KISSing Is Good For Reliability
EP Editorial Staff | February 8, 2016
As catchy phrases go, ‘Keep It Simple Stupid’ has legs when it comes to managing equipment health.
The KISS principle is one of the first rules of good engineering practice. An acronym for “Keep It Simple Stupid,” it refers to the fact that most things function best if kept simple. According to Trent Phillips, global reliability leader for Novelis Inc., Atlanta (novelis.com), the principle has maintenance and reliability significance.
As he wrote in a 2014 blog post on the Ludeca Inc. (Doral, FL) website (ludeca.com), end users often believe that costly, complex activities/functions are required to improve equipment reliability. While that may be the case in certain situations, you can make it the exception and not the rule in your facility. The point is not to focus excessively on expensive, complicated reliability functions you cannot complete and overlook the fundamentals in keeping equipment reliable.
What types of simple reliability improvements can you make? Phillips emphasizes these equipment basics:
- Align shafts and other components.
- Balance rotating components such as fan blades, impellers, and rotors.
- Tighten appropriately; eliminate looseness and excessive vibration.
- Lubricate correctly; not too much or too little.
- Inspect.
- Apply condition monitoring.
- Understand where your efforts should be focused.
Also, don’t wait until equipment is installed and operating. According to Phillips, “Failure to address these vital aspects from the beginning through operation of your equipment will lead to higher maintenance costs and reduced equipment reliability.”
Unfortunately, important reliability-improvement efforts in plants often fall victim to lack of resources, understanding, time, and funding. To counter this situation in a facility, Phillips urges the reliability team to ensure that the site’s engineering, maintenance, production, purchasing, and management teams all understand, and routinely employ, fundamental KISS practices. MT
Indicators That Keep Things Simple
Trent Phillips, global reliability leader with Novelis Inc., Atlanta (novelis.com), believes questions such as “Can we make our production schedule?” and other crystal-ball-type probing from plant personnel often put maintenance and reliability professionals in a tough position. In a December 2015 blog post on ludeca.com/blog, he called out four future indicators that organizations can leverage to help answer such questions:
Preventive maintenance (PM) completion rate. Low PM completion rates directly correlate with increased future equipment-maintenance work. High PM completion rates mean that needed equipment maintenance is being completed and future maintenance issues will be avoided.

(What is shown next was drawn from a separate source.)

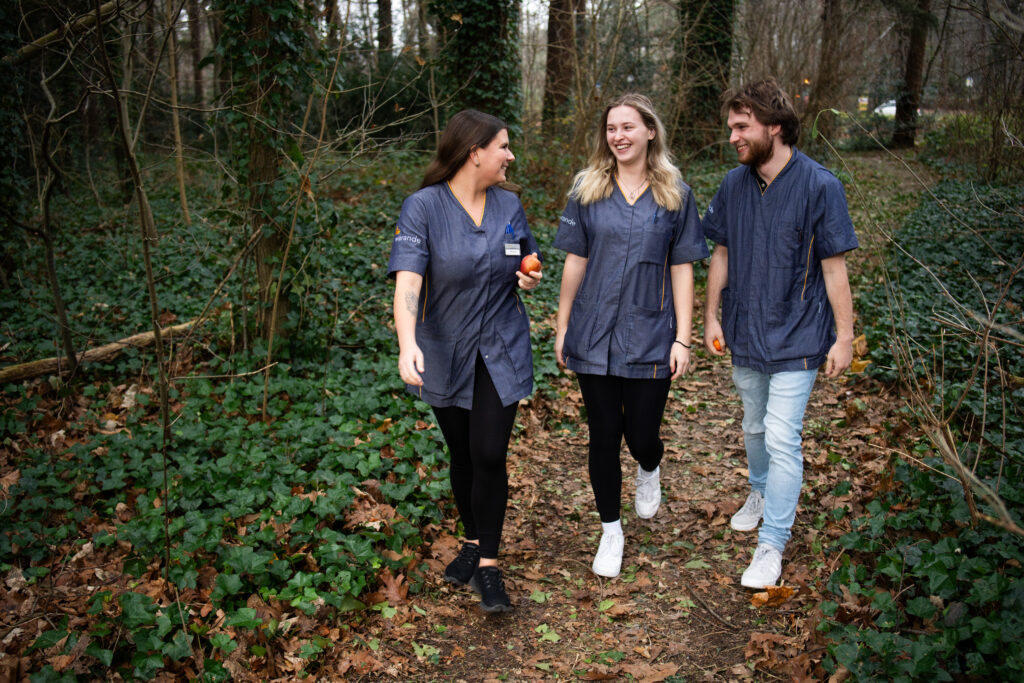 Zorgprofessionals die even een wandeling door het bos maken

Ready-to-work backlog. This is an indicator of preparedness and efficiency to complete maintenance work.
Outage-schedule compliance. This important-to-track metric is an indicator of future maintenance work. Not adhering to outage schedules creates deferred equipment maintenance. This results in increased risks and likelihood that equipment performance will decrease at a future time, leading to lower capacity, increased downtime, and greater operating costs.
Equipment-asset-health reporting. Condition-monitoring tools, such as vibration analysis, infrared thermography, oil analysis, and ultrasound, can assure that impending failures are identified and corrected before they result in equipment downtime or other unwanted consequences. Tracking indicators from these technologies together can provide insights into future asset health. The “red” assets they identify can lead to unwanted equipment maintenance and downtime if corrective action isn’t taken. Additionally, if an effective critical-equipment ranking system is in place, asset-health-reporting can help prioritize maintenance efforts.